The US National Rifle Association has called on the government to review whether bump fire stocks - like the device used in this week's Las Vegas shooting massacre - comply with current federal law.

"The NRA believes that devices designed to allow semiautomatic rifles to function like fully-automatic rifles should be subject to additional regulations," NRA CEO Wayne LaPierre and Executive Director Chris Cox added in a joint statement.

Earlier, some congressional Republicans also said they were open to considering legislation banning "bump stocks".

The comments from politicians including the No. 2 Senate Republican, John Cornyn of Texas, marked a surprising departure from GOP politicians' general antipathy to gun regulations of any kind.

US President Donald Trump who visited Las Vegas on Wednesday is not keen to talk about gun laws.
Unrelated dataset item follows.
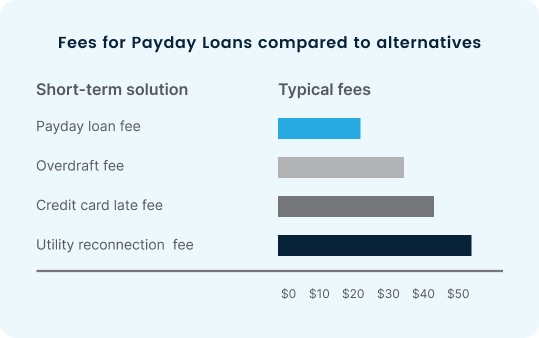 Fees For Payday Loans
Photo / AP
US President Donald Trump who visited Las Vegas on Wednesday is not keen to talk about gun laws. Photo / AP

But they were far from a guarantee of a path forward for the new legislation by Senator Dianne Feinstein, especially with Majority Leader Mitch McConnell and House Speaker Paul Ryan making clear their priorities are elsewhere.

"If somebody can essentially convert a semiautomatic weapon by buying one of these and using it and cause the kind of mayhem and mass casualties that we saw in Las Vegas, that's something of obvious concern that we ought to explore," Cornyn told reporters.

"I own a lot of guns and as a hunter and sportsman I think that's our right as Americans, but I don't understand the use of this bump stock and that's another reason to have a hearing."

Cornyn later said he'd spoken with Judiciary Committee Chairman Chuck Grassley, and that Grassley was interested in convening a hearing.

The devices, known as "bump stocks" among other names, are legal and originally were intended to help people with limited hand mobility fire a semiautomatic without the individual trigger pulls required.

They can fit over the rear shoulder-stock assembly on a semiautomatic rifle and with applied pressure cause the weapon to fire continuously, increasing the rate from between 45 and 60 rounds per minute to between 400 and 800 rounds per minute, according to Feinstein's office.

The government gave its seal of approval to selling the devices in 2010 after concluding that they did not violate federal law.

At least one Republican senator, Ron Johnson of Wisconsin, said outright he was prepared to vote to ban "bump stocks." "I have no problem in banning those," he said.


Senator John Thune of South Dakota, the No. 3 Republican senator, said, "I'm interested in finding out more about bump stocks and I've got my staff looking into that and I know there are other members interested in finding out more about it as well."

Donald Trump visited Las Vegas on Wednesday but said "We're not going to talk about that today" when asked about gun issues.